I am considering using rangev3 in a library of mine. I like rangev3's syntax, but the priority is performance. The library runs lots of vector multiplications and additions, mostly 128 samples long. I used Google benchmark to assess for instance addition of two vectors. The ranges version is much slower than the STD version (almost 10x slower for short vector lengths). This is somewhat surprising, as rangev3 (and the future std::ranges in C++20) is often claimed to have good performance.
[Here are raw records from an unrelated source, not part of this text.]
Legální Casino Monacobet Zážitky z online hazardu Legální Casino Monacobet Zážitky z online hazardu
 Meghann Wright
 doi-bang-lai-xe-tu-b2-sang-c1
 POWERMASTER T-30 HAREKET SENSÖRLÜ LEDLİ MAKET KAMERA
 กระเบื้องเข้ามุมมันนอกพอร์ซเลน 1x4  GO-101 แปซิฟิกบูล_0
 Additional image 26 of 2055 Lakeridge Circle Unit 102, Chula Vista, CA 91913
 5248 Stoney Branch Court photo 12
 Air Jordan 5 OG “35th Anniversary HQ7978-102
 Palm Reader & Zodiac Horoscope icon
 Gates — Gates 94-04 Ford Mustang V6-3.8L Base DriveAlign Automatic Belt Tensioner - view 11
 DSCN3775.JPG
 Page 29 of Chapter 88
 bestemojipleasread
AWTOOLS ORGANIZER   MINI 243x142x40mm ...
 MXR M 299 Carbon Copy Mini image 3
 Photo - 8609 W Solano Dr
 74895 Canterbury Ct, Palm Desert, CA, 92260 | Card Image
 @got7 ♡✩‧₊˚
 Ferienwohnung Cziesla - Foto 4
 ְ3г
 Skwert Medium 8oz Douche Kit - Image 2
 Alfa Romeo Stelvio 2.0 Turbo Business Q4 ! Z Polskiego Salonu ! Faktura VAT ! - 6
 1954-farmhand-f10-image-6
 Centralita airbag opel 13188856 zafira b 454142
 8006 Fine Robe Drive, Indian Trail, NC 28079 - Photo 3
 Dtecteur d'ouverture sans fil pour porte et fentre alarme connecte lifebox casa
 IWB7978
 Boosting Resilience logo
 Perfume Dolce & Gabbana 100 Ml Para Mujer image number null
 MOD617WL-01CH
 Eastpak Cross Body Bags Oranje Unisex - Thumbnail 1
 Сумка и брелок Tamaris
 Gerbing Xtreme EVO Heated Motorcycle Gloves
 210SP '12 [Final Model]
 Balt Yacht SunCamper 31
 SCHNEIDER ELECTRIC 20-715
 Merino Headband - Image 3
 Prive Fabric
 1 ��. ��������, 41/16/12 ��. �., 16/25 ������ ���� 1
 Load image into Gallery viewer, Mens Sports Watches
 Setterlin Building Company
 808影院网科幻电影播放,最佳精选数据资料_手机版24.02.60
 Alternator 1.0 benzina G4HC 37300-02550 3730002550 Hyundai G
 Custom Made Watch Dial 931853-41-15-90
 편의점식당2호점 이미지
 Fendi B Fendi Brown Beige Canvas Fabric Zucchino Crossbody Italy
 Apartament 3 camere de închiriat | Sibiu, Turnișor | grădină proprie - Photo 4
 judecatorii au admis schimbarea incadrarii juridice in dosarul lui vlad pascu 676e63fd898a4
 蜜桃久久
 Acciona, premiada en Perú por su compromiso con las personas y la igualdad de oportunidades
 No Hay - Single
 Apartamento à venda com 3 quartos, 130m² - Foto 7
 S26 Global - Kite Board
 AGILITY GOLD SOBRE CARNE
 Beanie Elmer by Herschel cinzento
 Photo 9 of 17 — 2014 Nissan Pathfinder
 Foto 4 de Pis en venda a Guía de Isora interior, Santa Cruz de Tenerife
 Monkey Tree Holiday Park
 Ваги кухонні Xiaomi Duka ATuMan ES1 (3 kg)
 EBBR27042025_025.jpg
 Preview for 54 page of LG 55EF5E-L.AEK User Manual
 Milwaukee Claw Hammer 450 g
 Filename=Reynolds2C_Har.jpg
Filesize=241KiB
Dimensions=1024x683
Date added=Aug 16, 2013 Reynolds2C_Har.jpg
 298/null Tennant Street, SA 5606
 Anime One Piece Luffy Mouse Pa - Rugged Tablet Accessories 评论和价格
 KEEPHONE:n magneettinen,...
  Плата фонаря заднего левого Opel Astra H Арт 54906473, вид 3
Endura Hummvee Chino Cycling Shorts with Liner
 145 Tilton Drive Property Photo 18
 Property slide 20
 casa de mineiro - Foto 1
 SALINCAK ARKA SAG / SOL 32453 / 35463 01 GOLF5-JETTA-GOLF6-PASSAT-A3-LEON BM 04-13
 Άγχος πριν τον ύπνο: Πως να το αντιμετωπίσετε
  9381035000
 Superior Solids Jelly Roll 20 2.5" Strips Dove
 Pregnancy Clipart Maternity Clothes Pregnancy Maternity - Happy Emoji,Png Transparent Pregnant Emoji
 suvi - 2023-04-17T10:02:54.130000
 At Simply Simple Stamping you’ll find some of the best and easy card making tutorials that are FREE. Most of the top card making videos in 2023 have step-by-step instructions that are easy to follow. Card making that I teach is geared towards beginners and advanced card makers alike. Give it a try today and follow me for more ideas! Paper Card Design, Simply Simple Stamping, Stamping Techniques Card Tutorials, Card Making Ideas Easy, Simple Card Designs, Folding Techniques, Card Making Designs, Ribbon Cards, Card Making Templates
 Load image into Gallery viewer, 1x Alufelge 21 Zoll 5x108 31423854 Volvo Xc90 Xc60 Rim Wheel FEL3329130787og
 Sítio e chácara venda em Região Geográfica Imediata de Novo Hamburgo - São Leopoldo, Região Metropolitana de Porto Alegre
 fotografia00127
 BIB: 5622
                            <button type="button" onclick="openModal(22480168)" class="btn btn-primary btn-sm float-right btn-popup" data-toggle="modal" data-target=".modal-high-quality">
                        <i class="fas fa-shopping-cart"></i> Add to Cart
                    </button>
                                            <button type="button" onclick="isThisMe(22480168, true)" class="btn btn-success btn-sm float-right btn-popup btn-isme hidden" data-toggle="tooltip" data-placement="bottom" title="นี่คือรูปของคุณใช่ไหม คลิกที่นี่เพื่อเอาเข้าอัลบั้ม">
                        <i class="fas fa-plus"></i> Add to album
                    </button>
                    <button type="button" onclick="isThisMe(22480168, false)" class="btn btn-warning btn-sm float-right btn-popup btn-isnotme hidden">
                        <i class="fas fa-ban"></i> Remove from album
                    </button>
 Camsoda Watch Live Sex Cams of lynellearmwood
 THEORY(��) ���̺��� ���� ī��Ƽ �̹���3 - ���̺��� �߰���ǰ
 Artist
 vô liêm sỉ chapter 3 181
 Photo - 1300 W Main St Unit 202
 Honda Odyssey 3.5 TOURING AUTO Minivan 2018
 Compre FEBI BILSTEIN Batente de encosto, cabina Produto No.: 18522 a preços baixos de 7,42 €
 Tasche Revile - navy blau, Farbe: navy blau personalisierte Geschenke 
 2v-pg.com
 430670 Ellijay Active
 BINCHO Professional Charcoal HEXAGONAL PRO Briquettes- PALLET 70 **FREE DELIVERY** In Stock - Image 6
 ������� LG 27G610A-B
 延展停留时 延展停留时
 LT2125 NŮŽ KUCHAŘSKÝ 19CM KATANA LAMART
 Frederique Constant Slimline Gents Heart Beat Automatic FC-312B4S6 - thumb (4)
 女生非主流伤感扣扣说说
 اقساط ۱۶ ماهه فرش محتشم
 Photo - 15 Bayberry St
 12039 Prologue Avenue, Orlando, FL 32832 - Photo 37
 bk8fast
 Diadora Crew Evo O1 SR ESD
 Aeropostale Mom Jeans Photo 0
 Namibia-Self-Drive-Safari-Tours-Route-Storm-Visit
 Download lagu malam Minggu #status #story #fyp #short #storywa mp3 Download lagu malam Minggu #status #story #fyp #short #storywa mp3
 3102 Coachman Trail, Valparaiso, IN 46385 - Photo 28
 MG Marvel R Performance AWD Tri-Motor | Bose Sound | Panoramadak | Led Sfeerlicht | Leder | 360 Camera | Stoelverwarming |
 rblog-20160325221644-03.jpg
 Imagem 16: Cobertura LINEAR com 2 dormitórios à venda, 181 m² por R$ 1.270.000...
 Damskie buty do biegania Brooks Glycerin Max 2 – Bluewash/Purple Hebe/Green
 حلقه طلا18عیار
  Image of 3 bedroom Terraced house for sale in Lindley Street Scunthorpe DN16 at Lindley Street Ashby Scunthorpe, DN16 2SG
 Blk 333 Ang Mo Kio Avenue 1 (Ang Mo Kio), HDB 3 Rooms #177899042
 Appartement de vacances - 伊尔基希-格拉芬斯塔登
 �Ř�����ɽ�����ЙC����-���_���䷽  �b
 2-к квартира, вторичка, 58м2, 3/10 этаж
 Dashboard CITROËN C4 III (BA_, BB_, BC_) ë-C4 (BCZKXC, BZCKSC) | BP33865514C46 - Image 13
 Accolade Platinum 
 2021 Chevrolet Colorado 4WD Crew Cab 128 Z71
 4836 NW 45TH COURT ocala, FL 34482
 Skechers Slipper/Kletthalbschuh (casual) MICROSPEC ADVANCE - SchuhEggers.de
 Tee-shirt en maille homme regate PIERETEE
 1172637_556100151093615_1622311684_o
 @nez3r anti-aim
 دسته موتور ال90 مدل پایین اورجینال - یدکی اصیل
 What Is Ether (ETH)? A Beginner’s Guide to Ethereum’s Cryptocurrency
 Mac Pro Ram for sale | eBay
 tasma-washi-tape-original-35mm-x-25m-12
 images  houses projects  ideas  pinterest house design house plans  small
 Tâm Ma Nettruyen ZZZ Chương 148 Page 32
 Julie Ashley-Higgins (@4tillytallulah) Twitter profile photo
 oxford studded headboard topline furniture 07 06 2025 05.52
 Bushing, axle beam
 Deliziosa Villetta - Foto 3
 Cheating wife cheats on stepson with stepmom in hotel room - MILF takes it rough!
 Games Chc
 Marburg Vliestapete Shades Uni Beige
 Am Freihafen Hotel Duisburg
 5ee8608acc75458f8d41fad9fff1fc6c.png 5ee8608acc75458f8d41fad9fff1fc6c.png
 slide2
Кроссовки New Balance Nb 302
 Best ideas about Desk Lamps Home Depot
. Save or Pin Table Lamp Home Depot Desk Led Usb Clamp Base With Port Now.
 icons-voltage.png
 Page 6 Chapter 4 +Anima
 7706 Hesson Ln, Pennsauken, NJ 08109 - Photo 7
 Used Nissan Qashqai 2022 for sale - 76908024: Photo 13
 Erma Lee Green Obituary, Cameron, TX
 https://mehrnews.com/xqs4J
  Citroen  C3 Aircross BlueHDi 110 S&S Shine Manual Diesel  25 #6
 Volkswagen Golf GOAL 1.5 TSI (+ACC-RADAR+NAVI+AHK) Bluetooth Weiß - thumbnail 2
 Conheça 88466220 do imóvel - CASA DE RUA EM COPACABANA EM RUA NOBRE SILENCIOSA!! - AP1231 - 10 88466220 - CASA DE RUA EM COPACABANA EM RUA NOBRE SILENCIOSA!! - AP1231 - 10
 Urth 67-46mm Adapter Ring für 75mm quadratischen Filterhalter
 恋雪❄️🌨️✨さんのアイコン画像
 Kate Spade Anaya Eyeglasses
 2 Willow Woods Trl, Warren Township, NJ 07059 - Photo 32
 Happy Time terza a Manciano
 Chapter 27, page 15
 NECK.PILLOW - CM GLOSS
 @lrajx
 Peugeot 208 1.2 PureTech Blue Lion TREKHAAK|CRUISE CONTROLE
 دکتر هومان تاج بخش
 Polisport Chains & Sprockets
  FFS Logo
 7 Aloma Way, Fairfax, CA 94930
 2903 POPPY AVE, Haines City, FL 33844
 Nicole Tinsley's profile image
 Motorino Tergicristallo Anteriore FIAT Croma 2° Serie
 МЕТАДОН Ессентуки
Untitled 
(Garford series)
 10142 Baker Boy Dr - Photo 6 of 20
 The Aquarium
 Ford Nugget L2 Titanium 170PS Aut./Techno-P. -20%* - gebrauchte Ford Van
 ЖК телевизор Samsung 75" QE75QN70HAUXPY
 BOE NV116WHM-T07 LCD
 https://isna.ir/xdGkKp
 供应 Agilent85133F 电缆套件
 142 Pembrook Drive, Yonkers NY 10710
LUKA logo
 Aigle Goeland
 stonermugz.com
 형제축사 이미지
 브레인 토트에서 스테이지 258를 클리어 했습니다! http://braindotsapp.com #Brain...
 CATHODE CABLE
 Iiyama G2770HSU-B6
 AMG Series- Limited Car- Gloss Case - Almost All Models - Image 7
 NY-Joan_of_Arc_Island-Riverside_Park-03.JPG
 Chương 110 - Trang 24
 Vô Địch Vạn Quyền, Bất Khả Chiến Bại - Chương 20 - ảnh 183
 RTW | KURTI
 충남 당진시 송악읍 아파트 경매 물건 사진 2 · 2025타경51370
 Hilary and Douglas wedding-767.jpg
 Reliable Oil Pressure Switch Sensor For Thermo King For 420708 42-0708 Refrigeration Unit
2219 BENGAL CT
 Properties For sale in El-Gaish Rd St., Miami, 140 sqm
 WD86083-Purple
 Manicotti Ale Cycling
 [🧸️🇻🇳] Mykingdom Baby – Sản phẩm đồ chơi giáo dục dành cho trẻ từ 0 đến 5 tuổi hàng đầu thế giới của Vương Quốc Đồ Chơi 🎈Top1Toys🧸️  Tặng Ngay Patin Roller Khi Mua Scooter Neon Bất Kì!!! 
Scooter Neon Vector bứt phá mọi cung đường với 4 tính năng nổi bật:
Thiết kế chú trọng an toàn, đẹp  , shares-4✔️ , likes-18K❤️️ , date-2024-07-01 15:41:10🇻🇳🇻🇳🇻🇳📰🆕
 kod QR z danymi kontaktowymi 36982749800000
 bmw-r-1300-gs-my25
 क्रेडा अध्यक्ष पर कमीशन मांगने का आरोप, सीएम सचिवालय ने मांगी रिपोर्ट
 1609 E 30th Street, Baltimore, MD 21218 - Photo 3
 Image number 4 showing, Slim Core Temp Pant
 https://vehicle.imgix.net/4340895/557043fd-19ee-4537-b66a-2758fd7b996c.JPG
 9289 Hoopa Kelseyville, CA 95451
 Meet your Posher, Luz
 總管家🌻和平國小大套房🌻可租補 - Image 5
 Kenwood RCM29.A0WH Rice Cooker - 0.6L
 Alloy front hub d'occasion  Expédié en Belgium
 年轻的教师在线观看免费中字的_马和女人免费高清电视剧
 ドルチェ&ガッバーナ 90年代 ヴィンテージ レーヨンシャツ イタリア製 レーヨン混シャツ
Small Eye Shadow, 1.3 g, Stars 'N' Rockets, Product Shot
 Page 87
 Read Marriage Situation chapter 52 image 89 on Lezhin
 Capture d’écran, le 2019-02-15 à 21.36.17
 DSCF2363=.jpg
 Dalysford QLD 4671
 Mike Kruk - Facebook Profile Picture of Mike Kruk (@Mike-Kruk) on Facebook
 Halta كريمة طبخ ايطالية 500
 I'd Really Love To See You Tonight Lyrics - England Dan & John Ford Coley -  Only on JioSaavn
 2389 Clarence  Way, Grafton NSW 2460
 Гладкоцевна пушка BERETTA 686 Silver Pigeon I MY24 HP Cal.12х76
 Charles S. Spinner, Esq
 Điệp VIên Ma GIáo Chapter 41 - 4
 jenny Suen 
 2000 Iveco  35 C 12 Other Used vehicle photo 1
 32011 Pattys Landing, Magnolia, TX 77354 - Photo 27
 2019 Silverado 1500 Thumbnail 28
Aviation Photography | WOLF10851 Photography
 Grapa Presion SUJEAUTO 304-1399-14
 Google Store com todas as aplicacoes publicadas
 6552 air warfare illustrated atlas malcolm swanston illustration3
Is there an issue with how I am using rangev3 here? Or is it something to do with the compiler not being able to unroll rangev3 code well? Or does rangev3 performance gains show up only for many daisy-chained operations?
Notes: the output = rng1;
assignment should not allocate memory as the vector length is the same (I tried to use ranges::copy, but it becomes 100 times slower). I tried to pre-initialise and randomise the vectors A and B, but saw no difference. I did notice that if I had more operations in a pipeline, the gap between STL and ragesv3 narrowed, but only for long vectors (above 32000 for 5 consecutive operations).
Below is a self-contained example with performance metrics. I am running C++17 LLVM libc++ on a 4-core i7 MacBook Pro with -O3 flag.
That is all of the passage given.